The fact is that some globalisation is inevitable (and some has indeed taken place) but some is not inevitable and may (probably, in some cases, and possibly, in other cases) be quite harmful.
Effects on Labour and Manufacturing
It has recently been well pointed out that the providers of labour may not be well served by globalisation of capital. It has been noted, "Labour, on the other hand, is penalised for its relative immobility, its lack of control over investment decisions, and its oversupply. Workers are told by the State that they must work harder, smarter and longer and for less renumeration — otherwise capital will go elsewhere (or there will be no investment)."1
It is sometimes put by way of counter-argument that labour nonetheless benefits through "efficiencies" in the market, that new employment will eventually arise and that employees will be better off. But is there any sound basis for this view? Unfortunately it has often been found to rest more on hope than on probability.
Likewise there is sometimes a counter-argument as to manufacturing that full global competition will see "inefficient" Australian businesses close, and "efficient" businesses open in their place. But how can one be sure that this is not mere propaganda? Thrown open to world competition, how will many Australian industries prosper or even survive, not having cheap wages as in Asia or vast economics of scale as in the United States?
It is always useful to test propositions by enquiring, cui bono? Who will be the beneficiary?
Historically extreme free-trade positions have been pressed most assiduously by the states which will benefit most from them. In the nineteenth century, England with its powerful manufactories often promoted free trade. Today England's place has been taken by the United States.
The United States possesses enormous economies of scale. It has acquired overwhelming technological advantages in many fields. Its employees are possessed by a significant work ethic, and its business managers are ambitious and driven for success. It is not surprising therefore that United States exports are able to prevail in many foreign and indeed Australian markets.
Conversely, it is very difficult for countries such as Australia to export successfully to the United States. Australia's wage structure is high (compared with many Asian countries, for example), its work ethic is not impressive, and it lacks economies of scale and, generally, special technological skills.
A matter for concern in these circumstances is the ideological position that is taken by the Australian Treasury. The Australian Treasury adopts uncritically but wholeheartedly the United States approach. It is opposed to tariffs and to trade and financial barriers. Initiatives that favour United States business interests are embraced by it warmly. And the most disturbing aspect of the Treasury position is that it appears not to be detached. In the name of free trade or globalisation a quasi-religious zeal prevails. Critics are dismissed, often with contempt. Persons who favour a more moderate or careful approach are attacked, often unfairly. A measure of arrogance is displayed — the Treasury speaks, sileant omnes.

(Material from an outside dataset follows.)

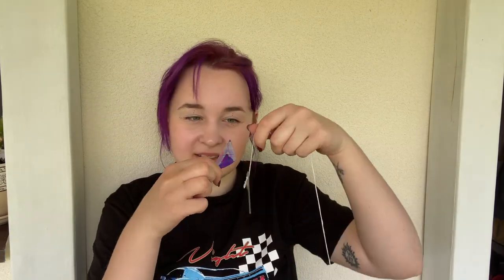Yesterday I made strings from thread — just normal thread, looped a couple of times with a knot at the end. I just went through the hole. The idea is that those pieces would hang like so, and then they would spin and make a sun catcher. Now it goes down.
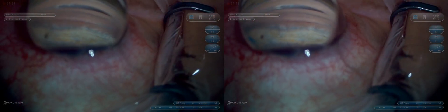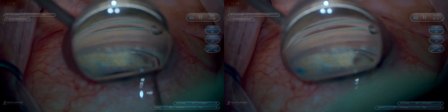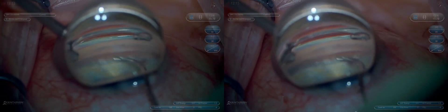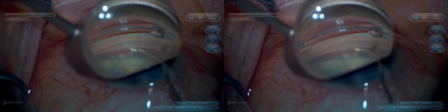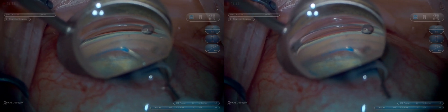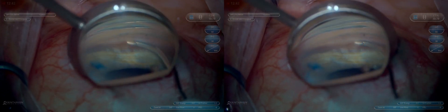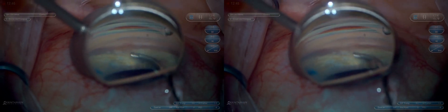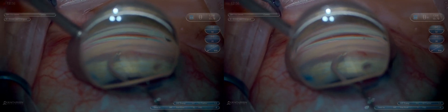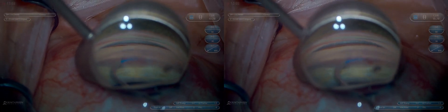This is the Omni device for goniotomy canaloplasty. It's important to point up slightly but not too much, because we want this to get into Schlemm's Canal and not dive posteriorly into the suprachoroidal space. We like to visualize it passing through Schlemm's Canal just below the TM. Now we'll rotate the Omni to the other direction in preparation for 180-degree goniotomy. There's no viscoelastic left in the cannula; we'll fully extend it and then pull it back through the trabecular meshwork to perform approximately 180-degree goniotomy.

A consequence has been a growing lack of confidence in the Canberra Treasury.
The Draft Multilateral Agreement on Investment
In order to appreciate the significant rebuke that has recently been received by the Treasury it is necessary to understand the draft Multilateral Agreement on Investment.

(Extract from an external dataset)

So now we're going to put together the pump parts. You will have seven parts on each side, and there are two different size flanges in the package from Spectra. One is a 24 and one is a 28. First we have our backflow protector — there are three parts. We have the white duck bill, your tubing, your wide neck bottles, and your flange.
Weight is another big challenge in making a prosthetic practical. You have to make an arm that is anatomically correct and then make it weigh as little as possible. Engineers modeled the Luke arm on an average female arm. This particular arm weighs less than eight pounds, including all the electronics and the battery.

At its Ministerial Council Meeting in May 1995 the Organisation for Economic Cooperation and Development (O.E.C.D.) decided to launch negotiations for a draft Multilateral Agreement on Investment. The draft became subject to negotiation by twenty-nine members of the O.E.C.D., eight non-members and the European Commission.

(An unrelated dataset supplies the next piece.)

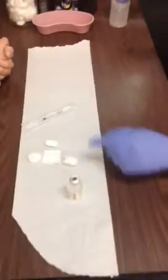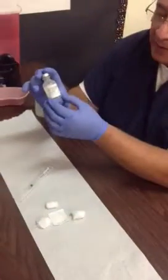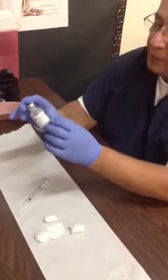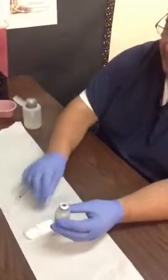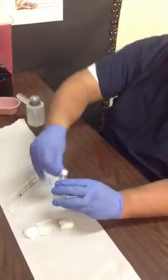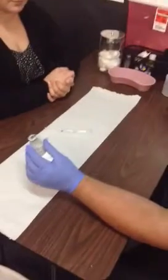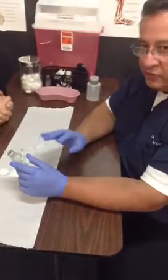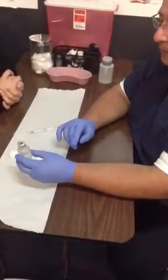Before we do that, we need to check the label to make sure we're giving the right medication. Read your label carefully, look at the expiration date, and read all those instructions very carefully. Now that I know I have the right medication, we're going to prep the top of the vial using that very firm back-and-forth technique. Then we're going to check our label a second time — I need to see you checking your label three times.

The purpose of the draft Agreement was to protect and benefit international investors, especially transnational corporations. Thus those countries bound by the Agreement would not be able to discriminate against foreign investors and moreover, would not be able to subject foreign investors (whether discriminatorily or not) to "unreasonable" constraints. Further, under the draft Agreement not only countries themselves, but also investing corporations, would be given rights of enforcement, and these rights would be able to be asserted against countries in courts or tribunals.
So it was proposed that it would not be permissible for a country to impair the operation, management, maintenance, use, enjoyment or disposal of investments in its territory "by unreasonable or discriminatory" measures.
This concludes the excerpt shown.